- Poster
- Directed by: Sivachandran
- Screenplay by: Sivachandran Aaroor Dass (dialogue)
- Story by: Sivachandran
- Produced by: S. K. Shankaralingam
- Starring: Prabhu Radha Lakshmi
- Cinematography: Dinesh Baboo
- Edited by: B. Lenin–V. T. Vijayan
- Music by: Ilaiyaraaja
- Production company: S.K.S. Film Creations
- Release date: 15 January 1988;
- Country: India
- Language: Tamil

= En Uyir Kannamma =

En Uyir Kannamma is a 1988 Indian Tamil-language film directed by Sivachandran in his debut. The film stars Prabhu, Radha, Lakshmi and S. S. Chandran. It was released on 15 January 1988.

== Plot ==

Shanmugasundaram, a lorry cleaner, is in love with Kannamma. However, unknown to him, he had slept with a woman, Ammu, during a rainy night because he was drunk at that time. Ammu, who turns out to be pregnant, has her chastity questioned by the village. She dies while giving birth to a girl child. Kannamma hates Shanmuga for committing this mistake. Shanmugam decides to walk on fire to prove his purity. Nallamuthu, Kannamma's fiancé misbehaves with her and she saves Shanmugam from dying of a plan orchestrated by lorry driver Madhavan who was in love with Kannamma and wanted to avenge Shanmugam but turns out that both Madhavan and Nallamuthu plotted together to get them united.

== Production ==
En Uyir Kannamma marked the directorial debut of actor Sivachandran. The film marked the acting debut of Santhana Bharathi and Pandu.

== Soundtrack ==
The music was composed by Ilaiyaraaja, with lyrics by Vaali.

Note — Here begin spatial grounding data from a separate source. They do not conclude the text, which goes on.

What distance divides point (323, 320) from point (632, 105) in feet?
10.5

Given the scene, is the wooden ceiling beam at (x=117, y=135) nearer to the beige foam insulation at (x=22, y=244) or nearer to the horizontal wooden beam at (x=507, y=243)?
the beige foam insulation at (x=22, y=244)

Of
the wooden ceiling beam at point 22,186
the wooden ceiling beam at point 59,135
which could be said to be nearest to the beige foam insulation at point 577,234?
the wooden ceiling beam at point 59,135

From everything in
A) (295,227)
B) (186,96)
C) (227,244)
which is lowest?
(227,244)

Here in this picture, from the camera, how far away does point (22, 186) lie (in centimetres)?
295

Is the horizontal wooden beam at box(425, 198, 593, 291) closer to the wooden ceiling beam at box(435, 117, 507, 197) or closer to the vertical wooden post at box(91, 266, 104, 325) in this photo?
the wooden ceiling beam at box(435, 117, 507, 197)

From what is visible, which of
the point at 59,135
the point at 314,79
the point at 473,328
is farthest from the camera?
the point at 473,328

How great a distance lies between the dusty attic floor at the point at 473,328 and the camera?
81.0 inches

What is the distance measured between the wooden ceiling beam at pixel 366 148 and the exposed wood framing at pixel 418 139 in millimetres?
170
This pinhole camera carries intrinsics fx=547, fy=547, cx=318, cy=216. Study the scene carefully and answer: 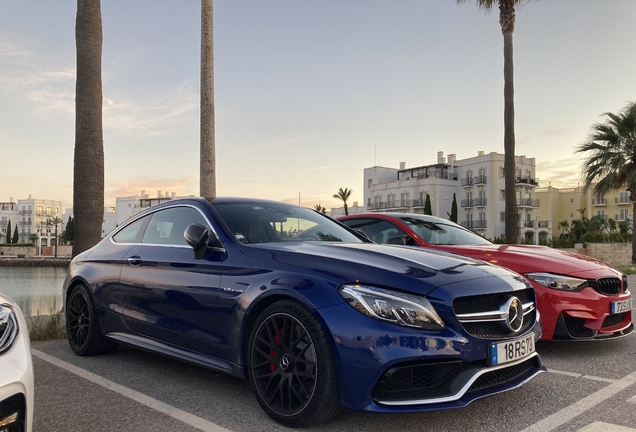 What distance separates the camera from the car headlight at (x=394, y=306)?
9.48 feet

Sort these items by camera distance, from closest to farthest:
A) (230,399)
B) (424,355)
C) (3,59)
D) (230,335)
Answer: (424,355) < (230,335) < (230,399) < (3,59)

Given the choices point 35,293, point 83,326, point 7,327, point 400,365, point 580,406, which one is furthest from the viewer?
point 35,293

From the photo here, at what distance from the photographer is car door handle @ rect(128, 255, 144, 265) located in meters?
4.41

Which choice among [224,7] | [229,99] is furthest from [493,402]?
[229,99]

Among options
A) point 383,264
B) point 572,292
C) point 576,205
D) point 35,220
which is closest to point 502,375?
point 383,264

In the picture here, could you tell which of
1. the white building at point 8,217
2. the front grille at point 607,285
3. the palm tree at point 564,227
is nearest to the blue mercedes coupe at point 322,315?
the front grille at point 607,285

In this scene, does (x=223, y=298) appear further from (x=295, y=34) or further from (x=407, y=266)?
(x=295, y=34)

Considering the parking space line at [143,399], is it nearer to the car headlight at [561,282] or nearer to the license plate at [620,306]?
the car headlight at [561,282]

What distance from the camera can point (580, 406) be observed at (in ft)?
11.7

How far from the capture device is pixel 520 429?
312 cm

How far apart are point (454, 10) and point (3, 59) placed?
13.7 m

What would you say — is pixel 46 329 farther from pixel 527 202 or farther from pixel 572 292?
pixel 527 202

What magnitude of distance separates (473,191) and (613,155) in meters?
52.3

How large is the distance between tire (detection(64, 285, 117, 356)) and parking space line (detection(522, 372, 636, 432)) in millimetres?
3601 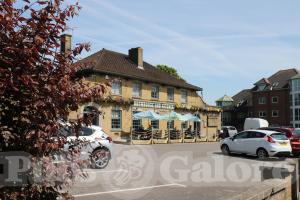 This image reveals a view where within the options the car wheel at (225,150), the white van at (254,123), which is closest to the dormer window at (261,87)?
the white van at (254,123)

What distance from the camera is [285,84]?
260ft

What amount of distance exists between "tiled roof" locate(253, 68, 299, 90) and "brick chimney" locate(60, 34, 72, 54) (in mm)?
79513

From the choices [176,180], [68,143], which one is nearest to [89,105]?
→ [68,143]

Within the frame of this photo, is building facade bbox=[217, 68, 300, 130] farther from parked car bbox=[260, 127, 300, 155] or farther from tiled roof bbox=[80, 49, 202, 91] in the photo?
parked car bbox=[260, 127, 300, 155]

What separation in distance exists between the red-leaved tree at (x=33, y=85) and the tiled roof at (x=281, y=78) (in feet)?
262

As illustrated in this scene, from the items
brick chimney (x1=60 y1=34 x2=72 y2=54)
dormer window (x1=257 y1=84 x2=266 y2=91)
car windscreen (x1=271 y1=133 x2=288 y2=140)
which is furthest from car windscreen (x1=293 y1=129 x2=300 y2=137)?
dormer window (x1=257 y1=84 x2=266 y2=91)

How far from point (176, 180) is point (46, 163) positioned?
32.2 feet

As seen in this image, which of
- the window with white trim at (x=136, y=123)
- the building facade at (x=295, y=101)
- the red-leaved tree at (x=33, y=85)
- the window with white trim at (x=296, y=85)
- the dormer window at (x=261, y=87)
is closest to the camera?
the red-leaved tree at (x=33, y=85)

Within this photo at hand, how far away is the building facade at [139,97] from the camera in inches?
1431

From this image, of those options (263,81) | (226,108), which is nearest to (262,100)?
(263,81)

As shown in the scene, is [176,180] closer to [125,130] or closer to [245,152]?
[245,152]

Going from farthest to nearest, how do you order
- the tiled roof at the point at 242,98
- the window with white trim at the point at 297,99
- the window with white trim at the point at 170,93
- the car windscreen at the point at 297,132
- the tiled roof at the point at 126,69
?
the tiled roof at the point at 242,98 → the window with white trim at the point at 297,99 → the window with white trim at the point at 170,93 → the tiled roof at the point at 126,69 → the car windscreen at the point at 297,132

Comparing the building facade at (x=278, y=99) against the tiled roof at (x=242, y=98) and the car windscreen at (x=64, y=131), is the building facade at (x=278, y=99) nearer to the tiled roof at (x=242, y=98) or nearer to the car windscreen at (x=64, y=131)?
the tiled roof at (x=242, y=98)

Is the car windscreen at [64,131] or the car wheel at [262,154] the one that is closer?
the car windscreen at [64,131] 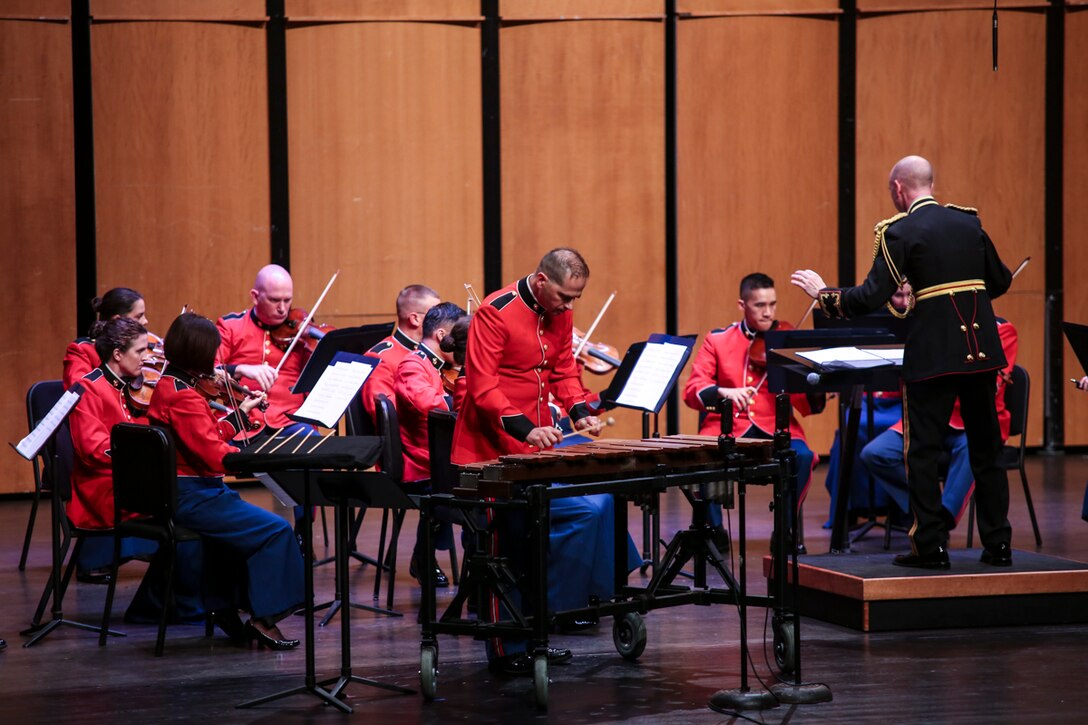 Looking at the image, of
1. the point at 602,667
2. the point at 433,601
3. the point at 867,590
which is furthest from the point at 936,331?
the point at 433,601

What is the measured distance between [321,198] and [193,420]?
3.97m

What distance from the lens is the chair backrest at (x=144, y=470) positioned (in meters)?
4.63

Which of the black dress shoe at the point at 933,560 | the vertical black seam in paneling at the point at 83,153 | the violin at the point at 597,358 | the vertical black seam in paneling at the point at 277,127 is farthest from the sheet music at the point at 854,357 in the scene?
the vertical black seam in paneling at the point at 83,153

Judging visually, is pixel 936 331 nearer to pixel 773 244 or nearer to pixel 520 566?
pixel 520 566

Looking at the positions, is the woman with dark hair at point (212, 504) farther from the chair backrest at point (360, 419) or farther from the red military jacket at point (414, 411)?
the red military jacket at point (414, 411)

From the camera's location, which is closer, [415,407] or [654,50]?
[415,407]

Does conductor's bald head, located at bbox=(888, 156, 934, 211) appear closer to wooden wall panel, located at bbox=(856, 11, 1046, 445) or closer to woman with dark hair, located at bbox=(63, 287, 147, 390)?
woman with dark hair, located at bbox=(63, 287, 147, 390)

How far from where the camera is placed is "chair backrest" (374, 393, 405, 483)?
539cm

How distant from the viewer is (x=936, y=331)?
489 centimetres

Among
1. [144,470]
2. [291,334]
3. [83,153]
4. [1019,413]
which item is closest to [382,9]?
[83,153]

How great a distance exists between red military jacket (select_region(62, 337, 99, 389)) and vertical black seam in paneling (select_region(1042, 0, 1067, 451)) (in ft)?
19.4

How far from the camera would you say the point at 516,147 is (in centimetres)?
879

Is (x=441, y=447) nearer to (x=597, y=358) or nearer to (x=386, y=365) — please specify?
(x=386, y=365)

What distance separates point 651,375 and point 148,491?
178 cm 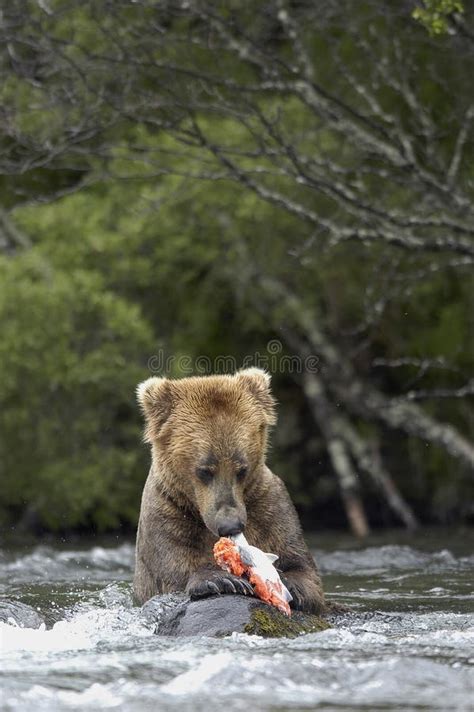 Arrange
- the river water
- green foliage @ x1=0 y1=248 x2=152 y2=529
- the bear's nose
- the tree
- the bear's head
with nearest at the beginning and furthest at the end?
the river water < the bear's nose < the bear's head < the tree < green foliage @ x1=0 y1=248 x2=152 y2=529

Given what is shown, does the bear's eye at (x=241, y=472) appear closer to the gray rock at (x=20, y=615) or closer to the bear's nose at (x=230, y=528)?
the bear's nose at (x=230, y=528)

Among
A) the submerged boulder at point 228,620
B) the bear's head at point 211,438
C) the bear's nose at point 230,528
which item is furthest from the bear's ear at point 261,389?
the submerged boulder at point 228,620

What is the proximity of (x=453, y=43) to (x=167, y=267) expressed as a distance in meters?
5.17

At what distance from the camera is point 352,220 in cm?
1609

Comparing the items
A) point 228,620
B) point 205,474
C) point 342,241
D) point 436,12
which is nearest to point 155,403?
point 205,474

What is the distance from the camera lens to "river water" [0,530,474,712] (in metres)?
5.34

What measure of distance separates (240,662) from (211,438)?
1753 mm

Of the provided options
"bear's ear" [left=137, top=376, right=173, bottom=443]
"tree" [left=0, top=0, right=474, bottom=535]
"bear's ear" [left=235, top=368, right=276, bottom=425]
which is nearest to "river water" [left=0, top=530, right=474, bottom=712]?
"bear's ear" [left=137, top=376, right=173, bottom=443]

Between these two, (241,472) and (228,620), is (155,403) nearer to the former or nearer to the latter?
(241,472)

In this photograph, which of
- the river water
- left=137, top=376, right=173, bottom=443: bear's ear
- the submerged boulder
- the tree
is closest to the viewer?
the river water

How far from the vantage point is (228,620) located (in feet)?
21.7

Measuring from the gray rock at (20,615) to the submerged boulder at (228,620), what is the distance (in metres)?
0.93

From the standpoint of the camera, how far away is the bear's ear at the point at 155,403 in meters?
7.77

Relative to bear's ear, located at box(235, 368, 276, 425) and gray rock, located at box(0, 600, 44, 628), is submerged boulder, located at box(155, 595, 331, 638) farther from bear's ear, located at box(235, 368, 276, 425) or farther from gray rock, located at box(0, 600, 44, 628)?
bear's ear, located at box(235, 368, 276, 425)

| Song | Singers | Length |
|---|---|---|
| "Salangai Satham" | Malaysia Vasudevan, K. S. Chithra | 01:23 |
| "Naan Thedum" | Malaysia Vasudevan | 04:23 |
| "Naadodi Paattukkal" | S. P. Balasubrahmanyam | 03:48 |
| "Mathalam Kotta" | Malaysia Vasudevan, K. S. Chithra | 04:35 |
| "Yaarai Keattu" | K. S. Chithra | 04:30 |
| "Poombaaraiyil" | Ilaiyaraaja | 04:42 |

== Reception ==
En Uyir Kannamma was released on 15 January 1988. N. Krishnaswamy of The Indian Express wrote "Sivachandran [..] turns director En Uyir Kannamma. His story for his own film builds up the dramatic tensions and conflicts gradually, and even in conceiving and staging the action he manages to lend a great deal of realism to some scenes". Jayamanmadhan of Kalki appreciated Lakshmi's Malayalam-accented Tamil dialogue delivery, the cinematography and the climax.